INPUT MATERIAL =>

○ ○ ○

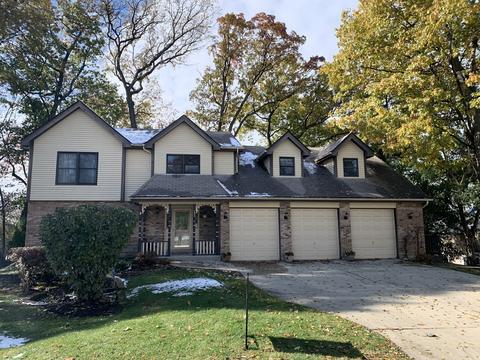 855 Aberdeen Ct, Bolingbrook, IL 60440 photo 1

○ ○ ○

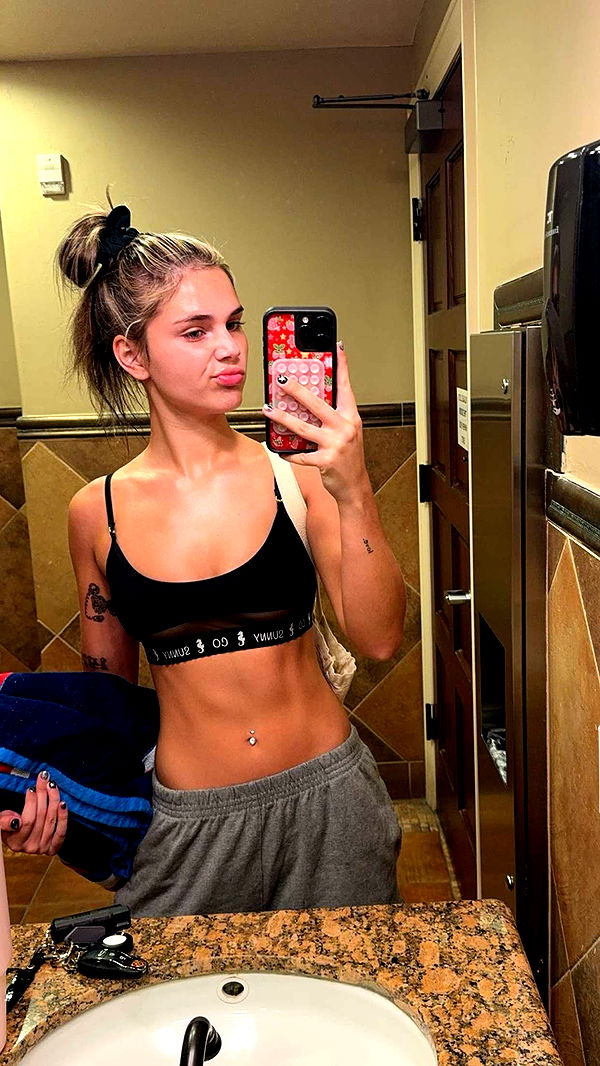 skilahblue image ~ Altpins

○ ○ ○

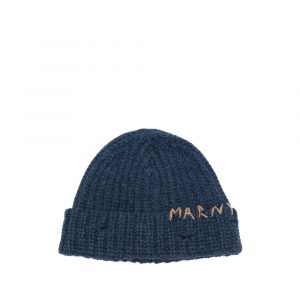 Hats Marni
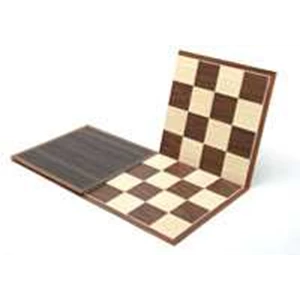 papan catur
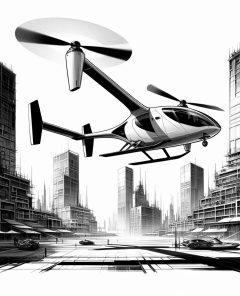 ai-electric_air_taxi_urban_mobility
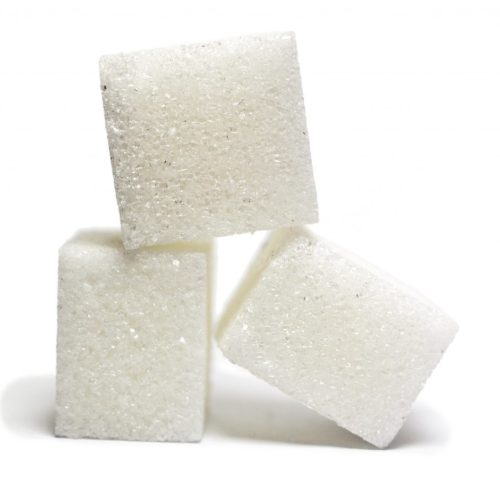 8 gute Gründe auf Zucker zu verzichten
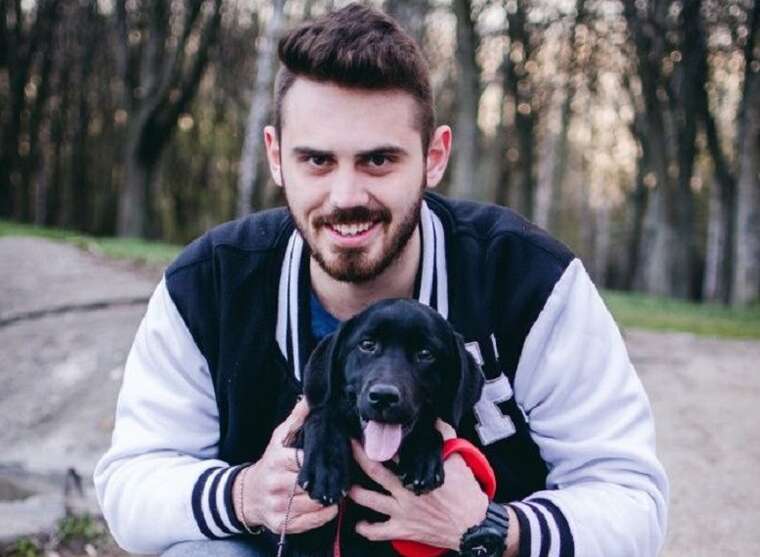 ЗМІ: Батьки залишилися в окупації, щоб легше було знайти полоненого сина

○ ○ ○

Repeat only the stretch of data above that runs from the line with "papan catur" to the line with "ЗМІ: Батьки залишилися". Keep both end lines; exclude pictures.

ANSWER TO THIS EXERCISE =>
 papan catur
 ai-electric_air_taxi_urban_mobility
 8 gute Gründe auf Zucker zu verzichten
 ЗМІ: Батьки залишилися в окупації, щоб легше було знайти полоненого сина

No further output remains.